ややこしい人間関係と言ってもタイには異母兄弟、異父兄弟というのはそこらじゅうにあることだし、オットのきょうだいを例にあげても長姉は母の連れ子なので異父姉弟であり、結婚・離婚の経緯があるからなのか旧姓(オットと同じ姓)で生活しており、その娘はタイによくある籍を入れない結婚をして旦那がマスオさん状態の生活をした数年後に離婚、姓はそのマスオさんのものだったのか、はたまた自分の父親のものだったのかわからないけれど母とは違う姓だった。それが数年前にある出来事があってそれが原因だと思うのだけどお坊さんに姓名を付けていただいて今はもとの名前とは全然違う氏名を名乗っている。(タイでは姓名変更はよくある話。)
2番目のお姉さんは若くして隣町の男性と結婚、娘と息子をもうけるも、今の旦那に略奪(?)され、息子を連れて再婚。娘はそれなりに大きくなっていたのか、それとも父親と一緒にいることを選んだのか、母とは別れた。しかし縁が切れたというわけではなく、娘が結婚して子供が生まれると、なぜか再婚相手の今の旦那も『僕には孫がいます』と言って喜んでいる。そして自分にも2番目のお姉さんとの間に娘がいる。
3番目のお姉さんは未婚でタイ人との間に娘を産み、その後しばらくしてから日本人と結婚。その日本人とどういうふうに知り合ったのかは聞いたことがないが、その結婚を機にお姉さんは日本に住み、永住ビザを取得。何年か前にその人と離婚しているが、お互いに復縁も考えているような気配を感じる。
オットのお兄さんはもう亡くなっているけれど、過去には結婚していて娘もいる。元妻は幼い娘を連れて南部の県に行き、そこで新たな家庭を築いた。しかし娘はずっと父の姓を名乗って生活し、そこそこの企業に就職した。お兄さんは最後は入退院を繰り返す生活だったのだけど、いよいよ危ないというときに2番目のお姉さんがお兄さん(お姉さんにとっては弟)の元妻に連絡をしたところ、さすがに元妻はお見舞いに行かなかったが娘は駆けつけてくれて、良い時間を過ごせたらしい。
オットは前妻との間に娘がいるが、結婚の書類を出したのは一緒に住むようになってから2年後くらいという中途半端な時期で、前妻は父の老後の面倒を見るということが決まっていたのか、オットは前妻の姓に変更するだけでなく、義父との養子縁組(のようなこと=タイと日本では条件などが違うから適当な言い方が他にあるかもしれない)をした。しかし前妻から離婚を言い渡され、前妻は家を出て行ってオットは娘との父子家庭になったのだけど、後日前妻が娘を引き取ることになりオットは単身に。そうなったにもかかわらず、姓は前妻のものが残ってしまったので元の姓に戻す手続きをした。

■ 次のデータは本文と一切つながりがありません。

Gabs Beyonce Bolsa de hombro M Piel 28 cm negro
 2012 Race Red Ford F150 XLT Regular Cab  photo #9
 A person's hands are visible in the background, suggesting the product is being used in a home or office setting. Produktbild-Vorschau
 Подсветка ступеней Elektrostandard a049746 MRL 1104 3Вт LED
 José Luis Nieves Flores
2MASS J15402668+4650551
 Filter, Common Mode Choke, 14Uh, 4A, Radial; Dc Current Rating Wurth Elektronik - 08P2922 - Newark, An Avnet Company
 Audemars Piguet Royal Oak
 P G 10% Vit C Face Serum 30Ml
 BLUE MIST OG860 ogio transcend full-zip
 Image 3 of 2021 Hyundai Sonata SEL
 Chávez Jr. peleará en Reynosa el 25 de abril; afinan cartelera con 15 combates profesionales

ここまででも充分ややこしいのに、数年前に長姉と2番目のお姉さんは20年ぶりくらいでオットの前妻に会い(私とオットも一緒に)、そこで険悪な雰囲気になるでもなく、『あら、久しぶりねえ』のような状態になって、それ以降はお姉さんがた3人はFacebook上でもつながって、それぞれの投稿にスタンプやコメントをして和気あいあいと過ごしている。

これが日常なのだから、『ややこしい人間関係』といっても日本人とは感覚が違うだろうし、重みがないというか・・・。

普段の生活を見てみても、タイ人は面倒くさいことから逃げて生活していることが多いから、なかなかややこしい場面には出くわさないのかもしれないなぁ、と思ったり。

ややこしい、この言葉を説明すること自体がややこしいことだ。